-------- Given data --------

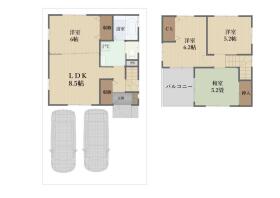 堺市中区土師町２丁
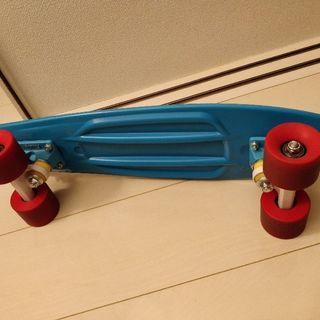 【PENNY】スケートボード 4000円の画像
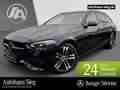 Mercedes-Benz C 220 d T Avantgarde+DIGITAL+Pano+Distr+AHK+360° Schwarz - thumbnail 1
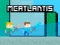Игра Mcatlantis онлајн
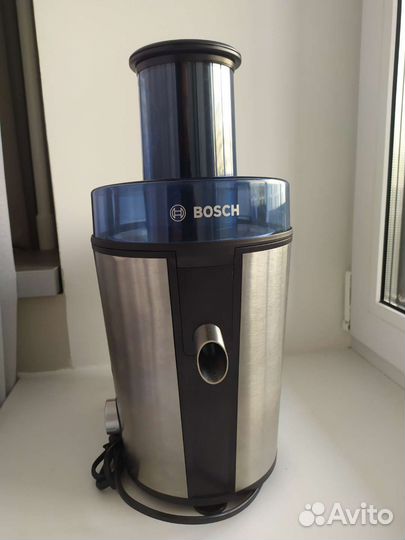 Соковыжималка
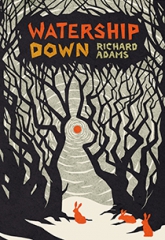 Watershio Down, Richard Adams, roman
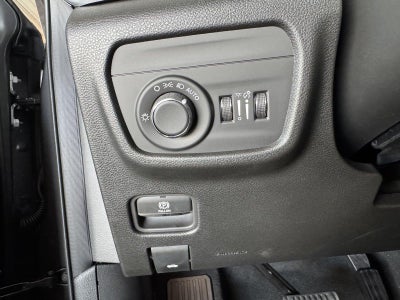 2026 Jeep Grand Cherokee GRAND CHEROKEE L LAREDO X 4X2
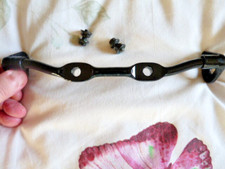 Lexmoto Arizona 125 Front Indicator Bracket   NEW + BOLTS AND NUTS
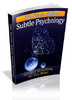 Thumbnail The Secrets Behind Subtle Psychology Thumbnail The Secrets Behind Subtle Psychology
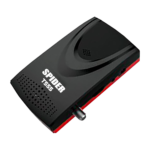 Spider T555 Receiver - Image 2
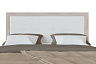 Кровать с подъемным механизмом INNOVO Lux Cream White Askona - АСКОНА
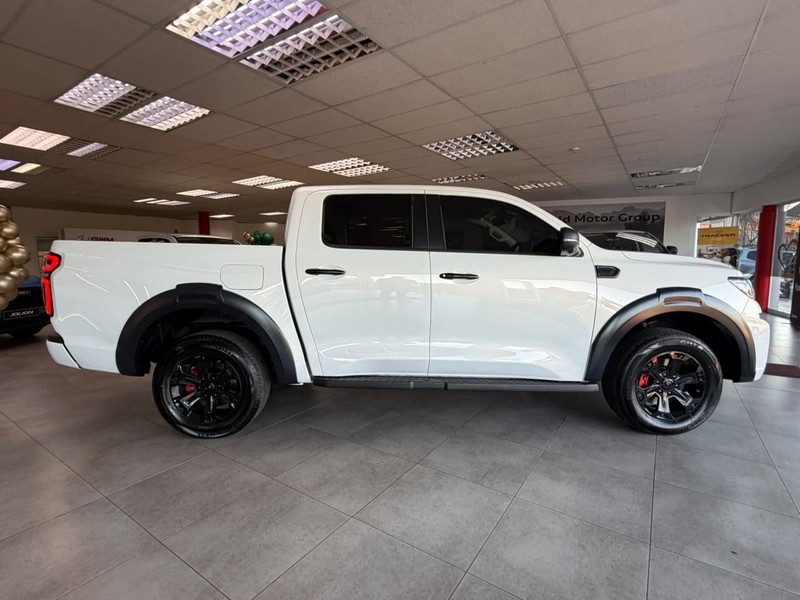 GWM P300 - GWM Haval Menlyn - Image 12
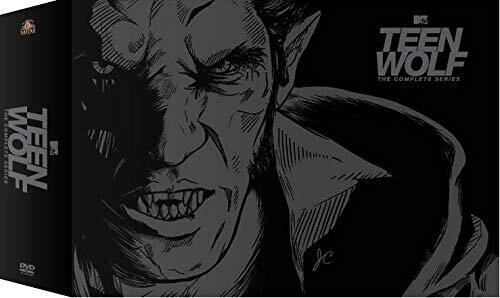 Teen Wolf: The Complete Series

--------
-------- Given data --------

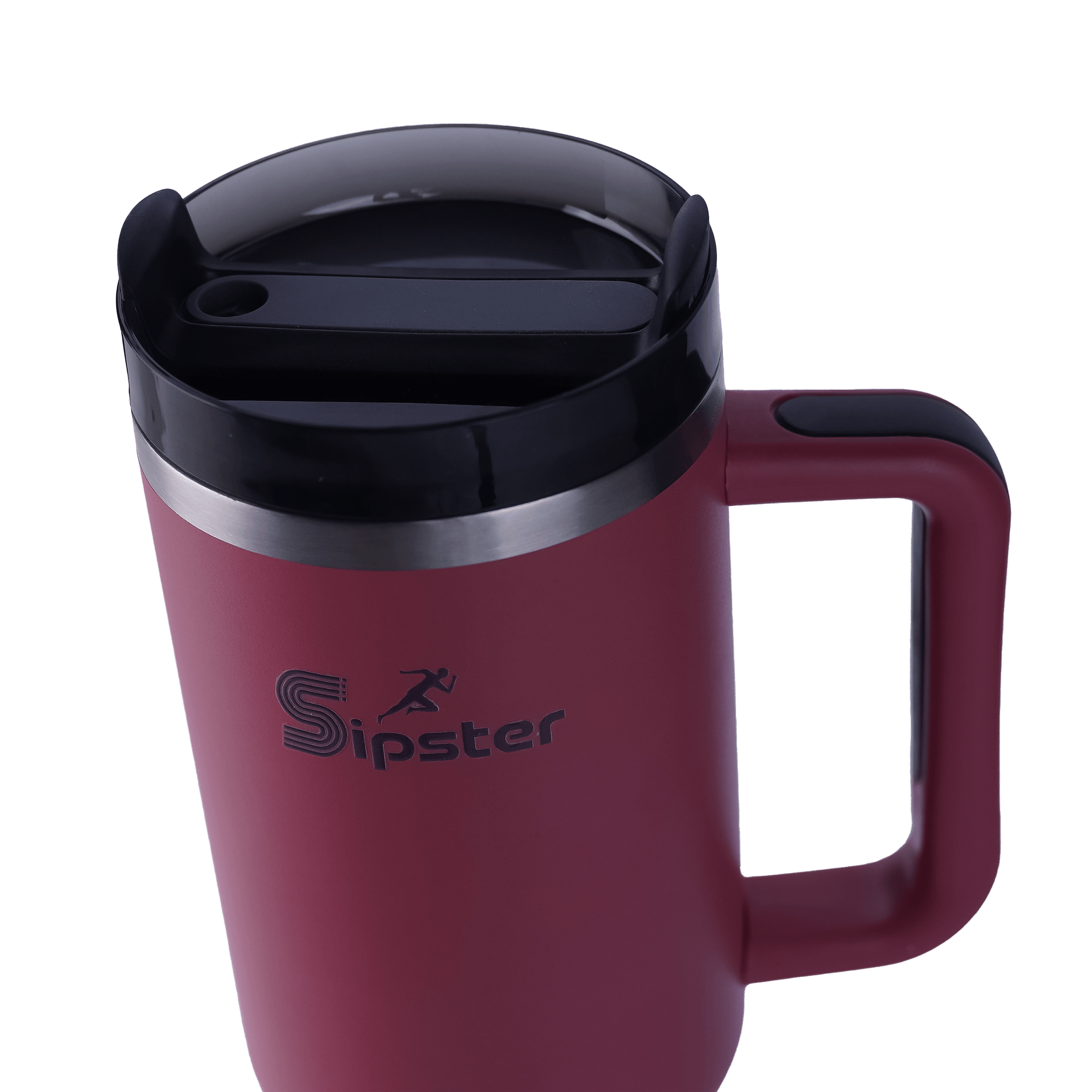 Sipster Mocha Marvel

--------

__Directions for this task__. From the records above, write out exactly the lines that begin at the line with "Lexmoto Arizona 125" and end at the line with "GWM P300 - GWM Haval Menlyn - Image 12". Pictures must not appear in the output.

__Finished exercise__.
 Lexmoto Arizona 125 Front Indicator Bracket   NEW + BOLTS AND NUTS
 Thumbnail The Secrets Behind Subtle Psychology Thumbnail The Secrets Behind Subtle Psychology
 Spider T555 Receiver - Image 2
 Кровать с подъемным механизмом INNOVO Lux Cream White Askona - АСКОНА
 GWM P300 - GWM Haval Menlyn - Image 12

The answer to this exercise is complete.